Prof. Dr. Gerd Naumann, Vorsitzender der Deutschen Gesellschaft für Hauswirtschaft, ist Anfang Dezember 2015 im Alter von 65 Jahren verstorben. Die Nachricht von seinem überraschenden Tod hat viele Akteure der Hauswirtschaft schwer getroffen.
Seit September 2013 leitete und vertrat Prof. Dr. Ing. Gerd Naumann die Deutsche Gesellschaft für Hauswirtschaft e.V. (dgh) mit ihren Fachausschüssen und Verbänden. Naumann hat bis zu seiner Wahl 2013 ein Vierteljahrhundert lang die Haushaltstechnik in Deutschland geprägt, unter anderem an der Universität Hannover und der Hochschule Osnabrück.
Der Lebensweg von Prof. Naumann war ebenso spannend wie komplex. Nach dem Studium der Elektrotechnik promovierte er über Mikrowellentechnik und -erwärmung. Mitte der 1980er Jahre kamen erstmals aus Asien die ersten Mikrowellengeräte für Küchen auf den deutschen Markt, deren Verkauf einen Boom erleben sollte.
Naumanns Wissen war sehr gefragt, und so arbeitete er bei der Entwicklung von Haushaltsmikrowellen beim Unternehmen Buderus Juno in Herborn mit – er publizierte und meldete Patente an. Bald wurde die Firma Miele auf Naumann aufmerksam und gewann ihn als Bereichsleiter Backöfen und Mikrowellengeräte für das Werk Oelde. Parallel dazu erhielt er den Ruf als Professor nach Hannover an die dortige Universität.
Naumann entschied sich für die Hochschullaufbahn in Hannover. Als er am 30. September 2013 in den Ruhestand getreten ist, hatte er mehr als 25 Jahre Haushaltstechnik hinter sich. Es sei ein von Ingenieuren stark geprägter Bereich und man habe dadurch nicht gerade eine automatische Verbundenheit zur Ökotrophologie, sagte Naumann 2013 im Gespräch mit mir, als ich ihn als neuen Vorsitzenden der dgh für rhw management porträtierte. Dennoch wagte er es, die beiden Disziplinen stärker zu verknüpfen. Naumann übernahm zusätzlich zur Arbeit in Hannover einen Lehrauftrag an der Hochschule Osnabrück und traf dort vor rund 20 Jahren auf die von ihm sehr geschätzte Kollegin Prof. Dr. Alrun Niehage. Wie gut Alrun Niehage vernetzt war und wie stark sie politisch Einfluss nehmen konnte, das hat ihn immer sehr beeindruckt, erzählte er mir.
Und so kam Prof.

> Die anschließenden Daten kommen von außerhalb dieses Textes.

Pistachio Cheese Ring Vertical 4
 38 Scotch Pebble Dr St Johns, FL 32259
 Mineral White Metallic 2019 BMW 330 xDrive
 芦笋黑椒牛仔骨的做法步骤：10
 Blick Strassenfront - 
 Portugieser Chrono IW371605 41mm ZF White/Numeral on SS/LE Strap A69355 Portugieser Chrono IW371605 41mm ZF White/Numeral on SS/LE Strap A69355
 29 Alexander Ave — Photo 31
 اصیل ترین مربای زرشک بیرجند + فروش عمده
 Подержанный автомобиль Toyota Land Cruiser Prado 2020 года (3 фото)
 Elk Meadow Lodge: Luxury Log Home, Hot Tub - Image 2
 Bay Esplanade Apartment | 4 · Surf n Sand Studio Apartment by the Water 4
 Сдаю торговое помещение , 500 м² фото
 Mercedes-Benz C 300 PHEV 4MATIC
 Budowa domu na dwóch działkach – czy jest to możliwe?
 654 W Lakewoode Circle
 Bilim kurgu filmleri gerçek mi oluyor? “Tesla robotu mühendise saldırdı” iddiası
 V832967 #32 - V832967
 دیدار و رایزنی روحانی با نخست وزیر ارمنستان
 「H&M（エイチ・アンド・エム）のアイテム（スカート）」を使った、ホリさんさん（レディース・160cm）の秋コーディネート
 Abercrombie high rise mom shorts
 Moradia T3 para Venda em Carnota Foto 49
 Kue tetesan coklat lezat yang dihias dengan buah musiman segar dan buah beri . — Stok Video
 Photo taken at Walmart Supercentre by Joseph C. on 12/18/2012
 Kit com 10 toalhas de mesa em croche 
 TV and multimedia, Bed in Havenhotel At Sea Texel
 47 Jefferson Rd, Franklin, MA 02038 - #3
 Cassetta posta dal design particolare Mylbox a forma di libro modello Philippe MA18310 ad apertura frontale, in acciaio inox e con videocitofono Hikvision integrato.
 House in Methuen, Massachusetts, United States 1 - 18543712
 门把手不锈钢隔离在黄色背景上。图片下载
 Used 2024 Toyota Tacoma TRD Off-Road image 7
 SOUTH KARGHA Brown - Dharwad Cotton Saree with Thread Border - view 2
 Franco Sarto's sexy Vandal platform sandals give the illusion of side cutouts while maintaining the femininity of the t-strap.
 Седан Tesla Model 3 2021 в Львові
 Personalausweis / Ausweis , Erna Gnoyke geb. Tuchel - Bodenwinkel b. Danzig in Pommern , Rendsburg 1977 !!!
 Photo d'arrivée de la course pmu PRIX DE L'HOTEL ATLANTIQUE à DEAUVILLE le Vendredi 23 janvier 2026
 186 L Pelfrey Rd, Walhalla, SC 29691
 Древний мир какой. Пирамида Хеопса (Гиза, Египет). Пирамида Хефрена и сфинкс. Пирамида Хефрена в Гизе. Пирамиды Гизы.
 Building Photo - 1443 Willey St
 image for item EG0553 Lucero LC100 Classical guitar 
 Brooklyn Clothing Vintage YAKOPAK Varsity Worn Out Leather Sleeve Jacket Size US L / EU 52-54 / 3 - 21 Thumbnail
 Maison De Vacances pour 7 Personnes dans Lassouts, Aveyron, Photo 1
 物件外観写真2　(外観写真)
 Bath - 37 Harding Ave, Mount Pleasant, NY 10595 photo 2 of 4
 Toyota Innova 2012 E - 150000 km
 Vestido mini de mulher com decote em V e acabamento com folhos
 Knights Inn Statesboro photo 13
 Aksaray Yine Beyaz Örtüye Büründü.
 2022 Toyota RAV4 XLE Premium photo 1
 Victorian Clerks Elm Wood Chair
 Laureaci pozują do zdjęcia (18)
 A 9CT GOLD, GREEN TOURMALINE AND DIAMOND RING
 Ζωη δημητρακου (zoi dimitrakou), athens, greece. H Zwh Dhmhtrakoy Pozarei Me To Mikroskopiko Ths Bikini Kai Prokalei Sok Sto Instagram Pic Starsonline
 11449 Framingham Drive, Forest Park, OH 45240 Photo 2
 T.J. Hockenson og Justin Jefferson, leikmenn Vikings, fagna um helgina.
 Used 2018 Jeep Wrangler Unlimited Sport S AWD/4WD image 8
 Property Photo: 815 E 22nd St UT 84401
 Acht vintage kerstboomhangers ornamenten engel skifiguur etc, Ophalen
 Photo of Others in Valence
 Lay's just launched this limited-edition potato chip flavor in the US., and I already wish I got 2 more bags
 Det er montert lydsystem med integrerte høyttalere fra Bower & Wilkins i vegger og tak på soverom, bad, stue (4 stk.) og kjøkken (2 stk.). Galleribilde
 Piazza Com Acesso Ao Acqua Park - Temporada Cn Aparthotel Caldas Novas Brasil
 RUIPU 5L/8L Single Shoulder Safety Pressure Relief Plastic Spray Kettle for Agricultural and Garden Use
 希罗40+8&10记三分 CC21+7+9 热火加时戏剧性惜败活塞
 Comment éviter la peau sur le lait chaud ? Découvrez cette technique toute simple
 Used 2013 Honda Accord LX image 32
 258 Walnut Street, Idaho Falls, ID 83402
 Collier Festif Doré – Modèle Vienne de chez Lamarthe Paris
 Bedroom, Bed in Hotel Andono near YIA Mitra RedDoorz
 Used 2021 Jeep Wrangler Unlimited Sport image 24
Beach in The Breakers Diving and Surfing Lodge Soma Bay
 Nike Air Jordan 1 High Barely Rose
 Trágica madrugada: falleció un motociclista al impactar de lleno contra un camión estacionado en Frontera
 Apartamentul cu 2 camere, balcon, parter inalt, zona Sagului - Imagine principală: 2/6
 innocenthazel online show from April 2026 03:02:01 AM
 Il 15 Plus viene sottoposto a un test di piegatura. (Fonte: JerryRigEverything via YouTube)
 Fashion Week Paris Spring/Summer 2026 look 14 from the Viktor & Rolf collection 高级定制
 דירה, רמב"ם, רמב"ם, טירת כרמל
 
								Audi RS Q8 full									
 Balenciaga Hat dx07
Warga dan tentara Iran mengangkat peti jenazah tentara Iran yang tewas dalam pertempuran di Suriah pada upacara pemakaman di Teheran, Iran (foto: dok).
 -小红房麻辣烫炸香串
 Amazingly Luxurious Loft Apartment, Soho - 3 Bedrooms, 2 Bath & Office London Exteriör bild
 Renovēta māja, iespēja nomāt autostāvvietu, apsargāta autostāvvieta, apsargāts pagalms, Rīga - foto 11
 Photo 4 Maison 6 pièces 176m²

Naumann schließlich mit der Deutschen Gesellschaft für Hauswirtschaft in Berührung. Von 1994 bis 1996 sowie von 2009 bis 2011 war er Vorsitzender des Fachausschusses Haushaltstechnik. Wichtige Themen waren in dieser Zeit Energieverbrauch, Effizienz und Energielabel von Haushaltsgeräten. Als nach dem Tod von Prof. Dr. Alrun Niehage im Jahr 2013 der dgh-Vorstand neu gebildet werden muss, stellte sich die Frage: Wie geht es weiter? Gedrängelt habe er sich nicht um das Amt, berichtete er: „Ich hatte schon Respekt davor, was der alte Vorstand um Alrun Niehage und Martina Feulner alles geleistet hat.“
Der Vater von vier erwachsenen Kindern hatte in seiner Zeit als dgh-Vorsitzender durch seine humorvolle Art vor allen Dingen die Mitglieder der dgh zu noch mehr Aktivität ermuntern und die interne Kommunikation verbessern können. Diesen Prozess hätte man gerne noch über viele weitere Jahre verfolgt, was durch seinen frühen Tod nun jäh unterbrochen wurde.
Als ich mich bei Prof. Naumann vor einiger Zeit für einen Fehler entschuldigen wollte, der mir unterlaufen war, sagte Prof. Naumann nur: „Herr Baumann, wissen Sie, bis ich mich über etwas ärgere, muss schon mehr passieren.“ Diesen Satz, der soviel Menschlichkeit und Güte zeigt, habe ich nicht vergessen und werde ihn achtsam in mir tragen.
Denn Menschen leben weiter, wenn man sich ihrer erinnert.
Die tiefe Anteilnahme der dgh und der rhw-Redaktion gilt der Familie, Doris Früh-Naumann, den vier Kindern sowie den Enkelkindern.